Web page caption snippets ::
####################
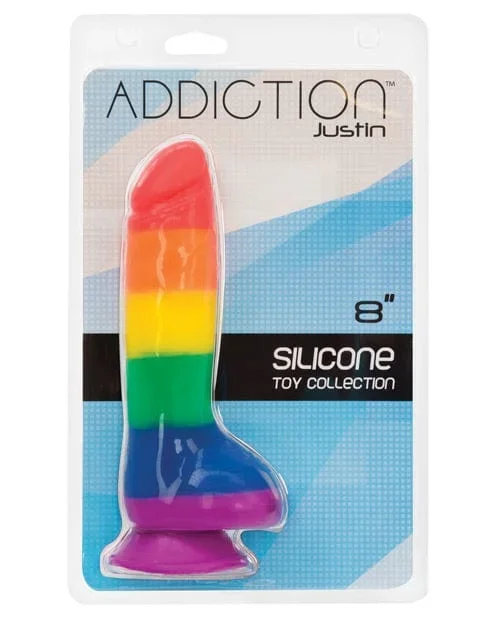 Addiction Justin 8″ Dildo – Rainbow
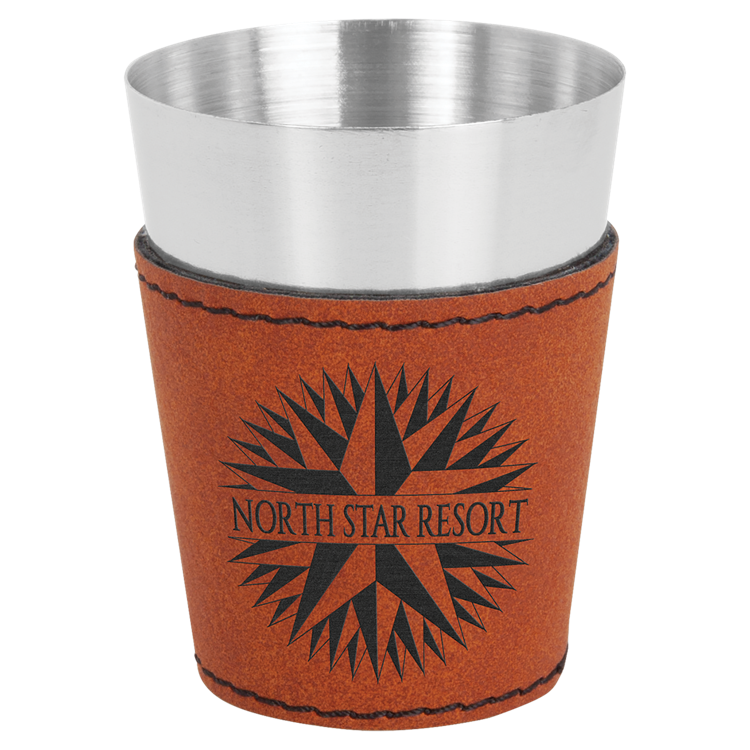 2 oz. Rawhide Leatherette & Stainless Steel Shot Glass 3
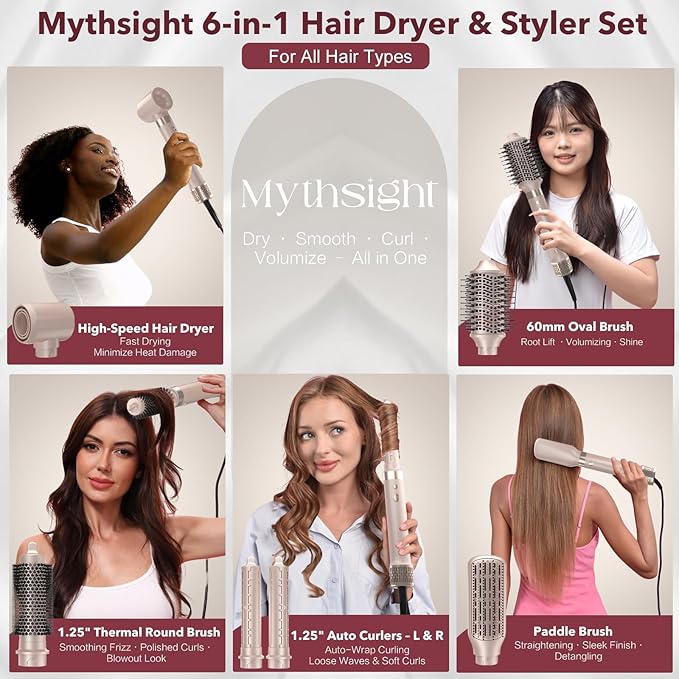 Mythsight StyleVibe 6-in-1 Air Styler, Hair Dryer & Blow Dryer Brush with Travel Case - Auto Wrap Curls (L/R), Fast Drying, Thermal Round Brush for Smooth Blowouts & Frizz-Free Volume, No Heat Damage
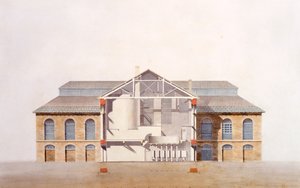 Ontwerp voor de Stag Brouwerij, originele manuscripttekening van de kantoren van George Saunders, ca. 1807 door English School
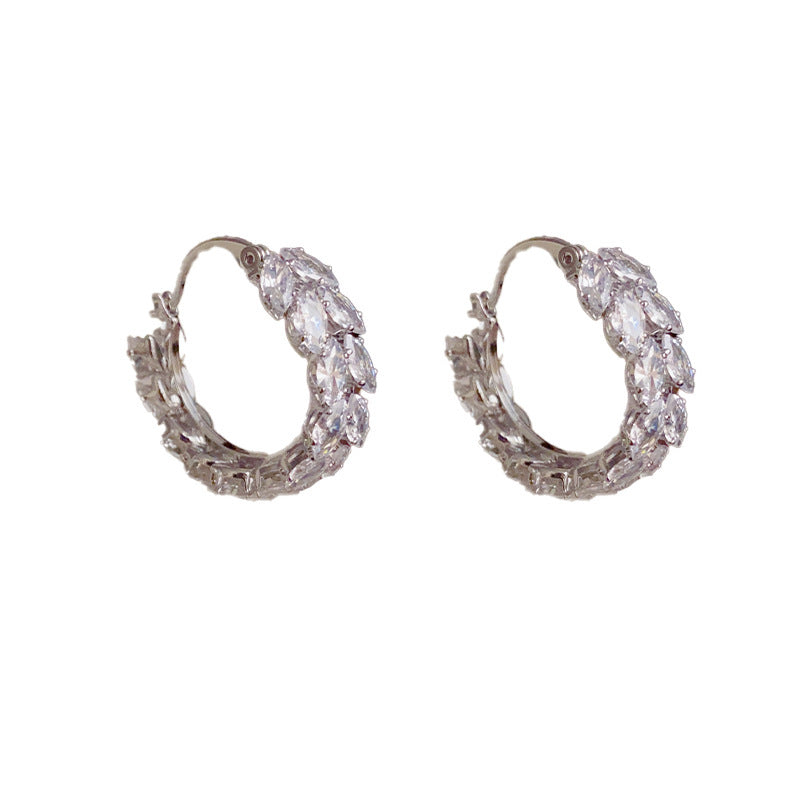 Luxury Zircon Wheat Earrings – 18K Gold Plated Geometric Hoop Earrings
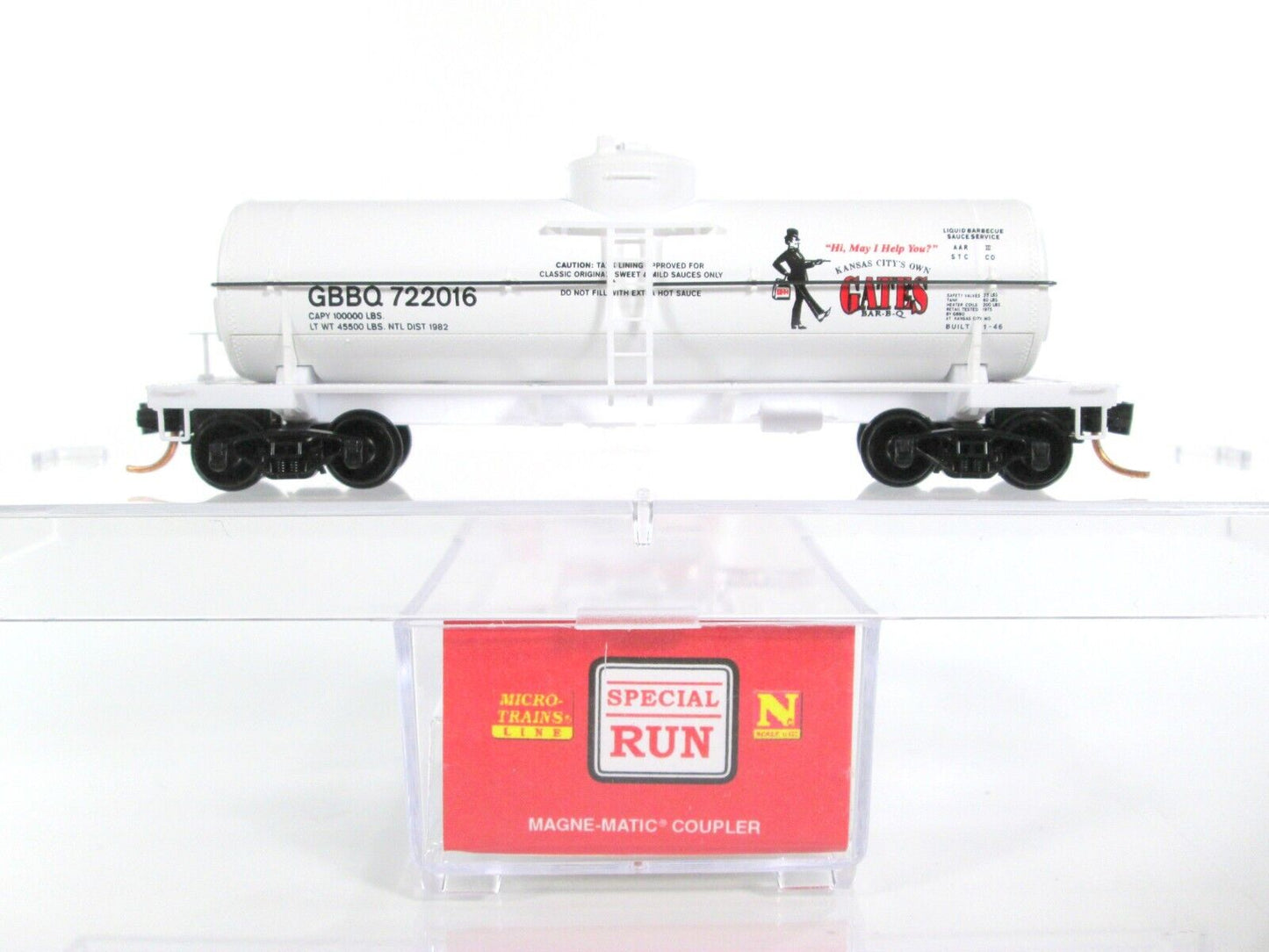 N Scale Kansas City's GATES BBQ Tank Car - GBBQ 722016 - Micro Trains *VERY RARE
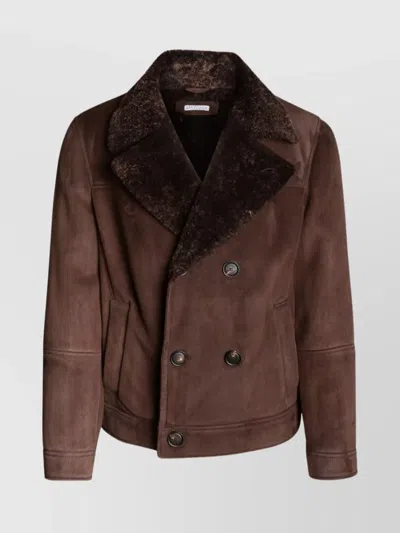 Brunello Cucinelli Double Breasted Coat Shearling Collar In Brown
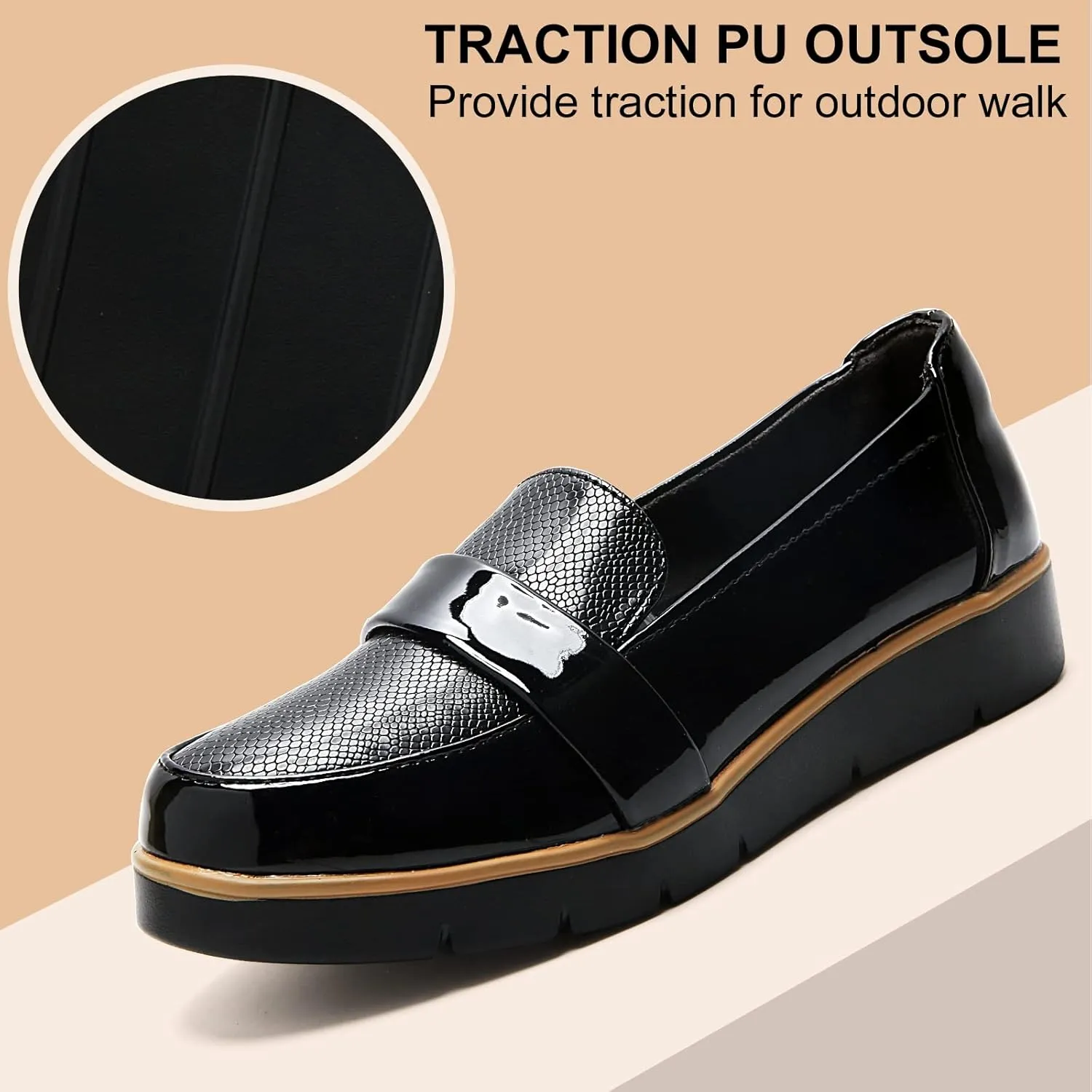 UZB Slip On Loafers for Womens Leather Comfort Memory Foam Dress Shoes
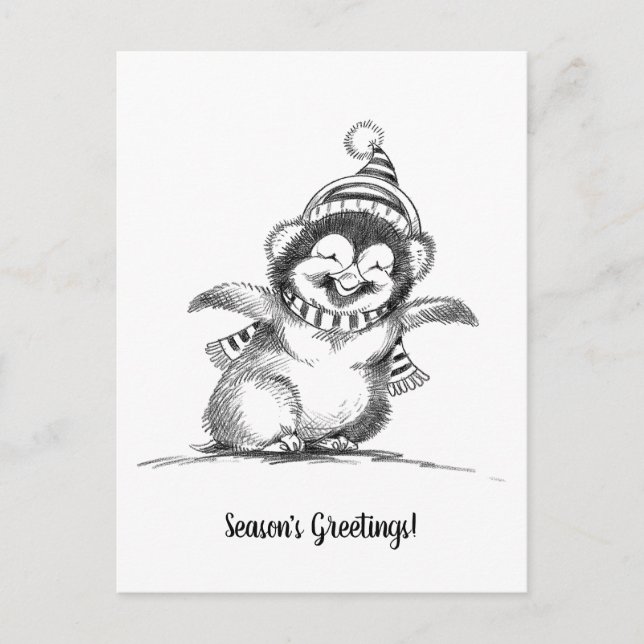 Cute Jul Penguin, Lycklig Baby Bird Vykort (Framsida)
####################
REQUIRED WORK ::
With the images excluded, output every record verbatim.

YOUR RESPONSE ::
 Addiction Justin 8″ Dildo – Rainbow
 2 oz. Rawhide Leatherette & Stainless Steel Shot Glass 3
 Mythsight StyleVibe 6-in-1 Air Styler, Hair Dryer & Blow Dryer Brush with Travel Case - Auto Wrap Curls (L/R), Fast Drying, Thermal Round Brush for Smooth Blowouts & Frizz-Free Volume, No Heat Damage
 Ontwerp voor de Stag Brouwerij, originele manuscripttekening van de kantoren van George Saunders, ca. 1807 door English School
 Luxury Zircon Wheat Earrings – 18K Gold Plated Geometric Hoop Earrings
 N Scale Kansas City's GATES BBQ Tank Car - GBBQ 722016 - Micro Trains *VERY RARE
 Brunello Cucinelli Double Breasted Coat Shearling Collar In Brown
 UZB Slip On Loafers for Womens Leather Comfort Memory Foam Dress Shoes
 Cute Jul Penguin, Lycklig Baby Bird Vykort (Framsida)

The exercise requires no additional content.